Do tej godziny trwa głosowanie w dużych miastach, w tym w Paryżu, w wielu mniejszych miejscowościach zakończy się o godz. 18 i 19.
Frekwencja na poziomie 59,39 proc. o godz. 17 podczas pierwszej tury wyborów parlamentarnych jest o 20 pkt proc. wyższa niż w poprzednich wyborach w 2022 roku. Wtedy frekwencja ostateczna w pierwszej turze wyniosła 47,7 proc. Teraz, jak komentuje dziennik "Le Figaro", może wynieść 67,5 do 69,7 proc.
Niedzielna frekwencja o godz. 17 jest najwyższa od 1978 roku, gdy wynosiła 68 proc. (z wyjątkiem wyborów w 1986 roku, które jednak odbywały się według innych zasad głosowania).
Niedzielne wybory odbywają się w systemie większościowym. Im wyższa frekwencja, tym większe prawdopodobieństwo, że do drugiej tury przejdzie nie dwóch kandydatów w danym okręgu wyborczym, ale trzech.

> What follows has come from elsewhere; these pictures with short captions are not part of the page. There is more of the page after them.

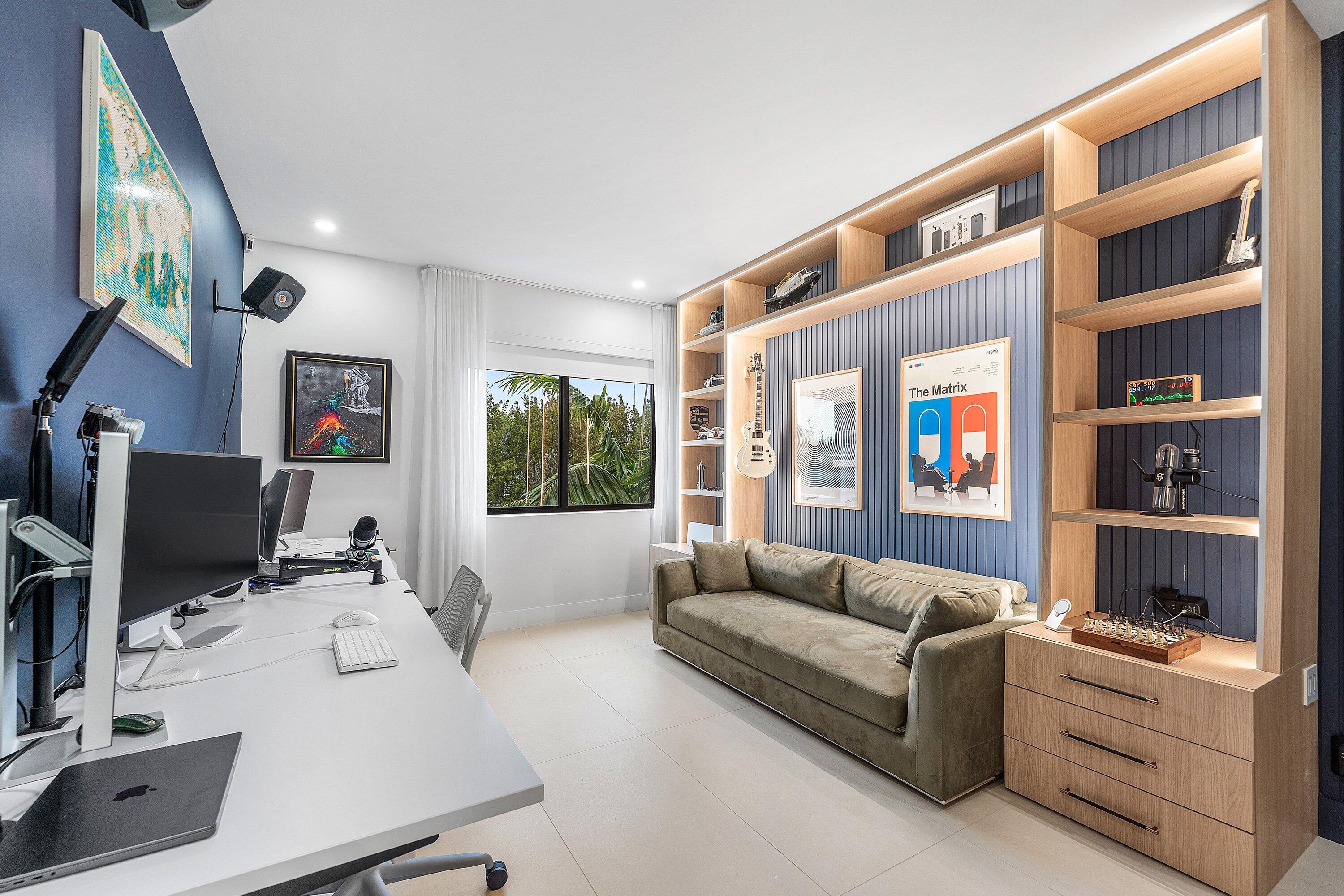 VIA VENTURA NEIGHBORHOOD 1 - Residential Lease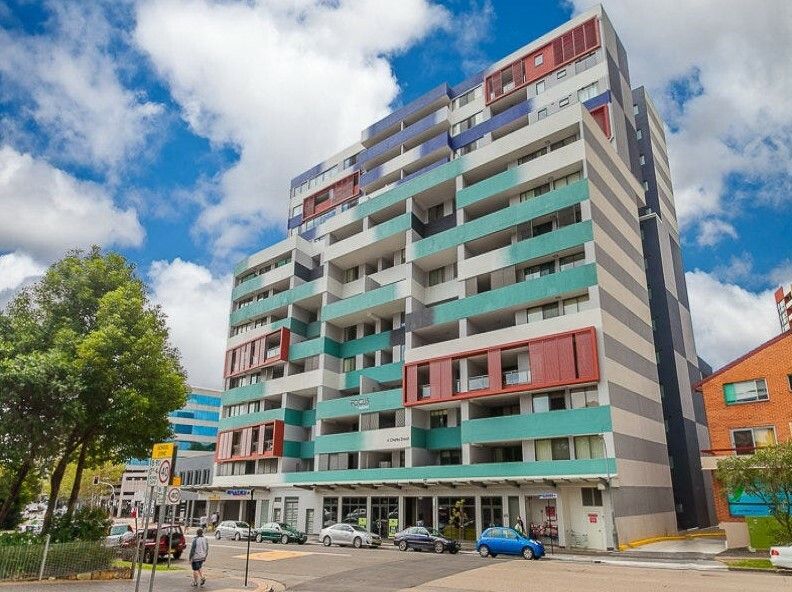2 bedrooms Apartment / Unit / Flat in 1403/6 - 10 Charles St PARRAMATTA NSW, 2150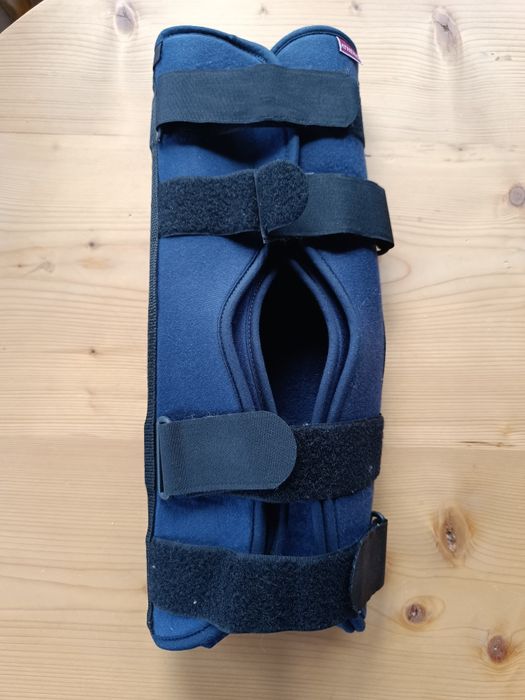 Orteza na goleń i udo L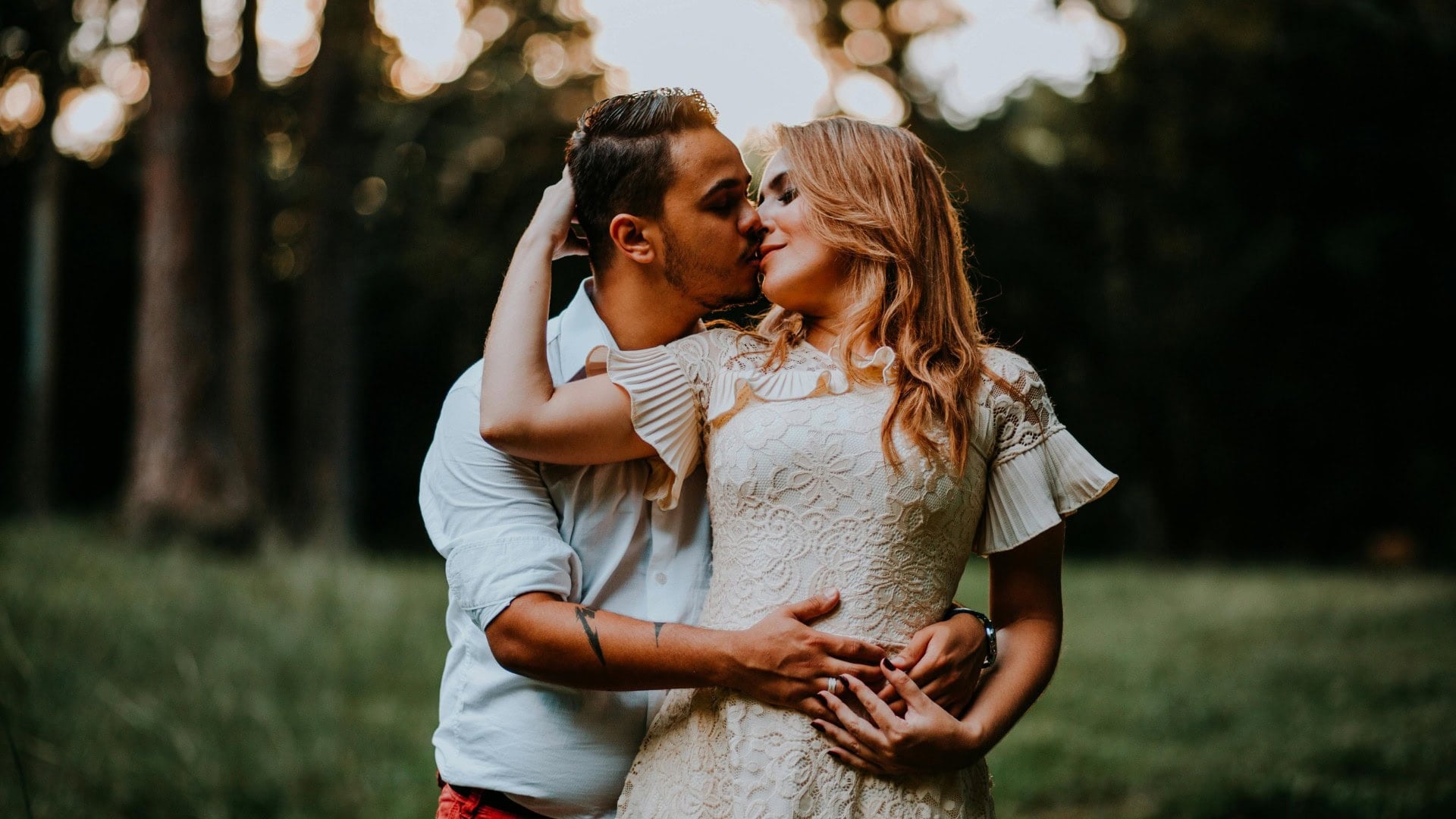 Objav varovné signály, že muž nie je pripravený na vzťah. Nauč sa rozpoznať toxické správanie hneď na začiatku, a ušetri si sklamanie.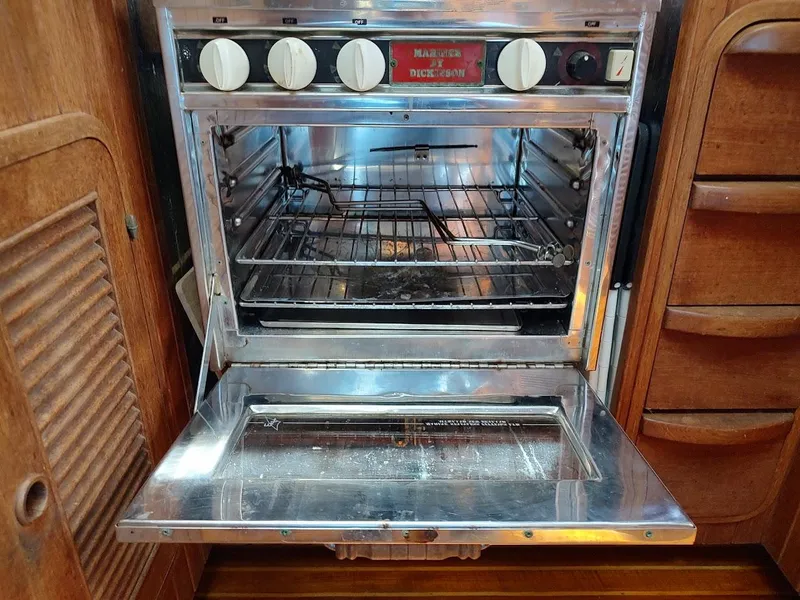 Slide: The Image of Ta Shing Tatoosh 42 1982 - 61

Wówczas druga tura 7 lipca będzie pojedynkiem "tercetów", co bardzo utrudnia teraz prognozowanie, kto odniesie ostateczne zwycięstwo.
Pierwsza tura wyborów do parlamentu we Francji. Po władzę sięga skrajna prawica?
We Francji odbędzie się w niedzielę pierwsza tura przedterminowych wyborów parlamentarnych, które mogą po raz pierwszy w historii kraju przynieść rządy skrajnej prawicy. W sondażach, z poparciem 36 proc., prowadzi Zjednoczenie Narodowe - dawny Front Narodowy.
Partie polityczne mogą w niektórych okręgach zawrzeć sojusze taktyczne i wycofać swych kandydatów przed drugą turą, by przerzucić głosy na innych, mających większe szanse na zwycięstwo. Tak zamierza działać sojusz partii lewicowych - Nowy Front Ludowy, dla którego priorytetem jest uniemożliwienie wygranej skrajnie prawicowego Zjednoczenia Narodowego (RN), prowadzącego w sondażach.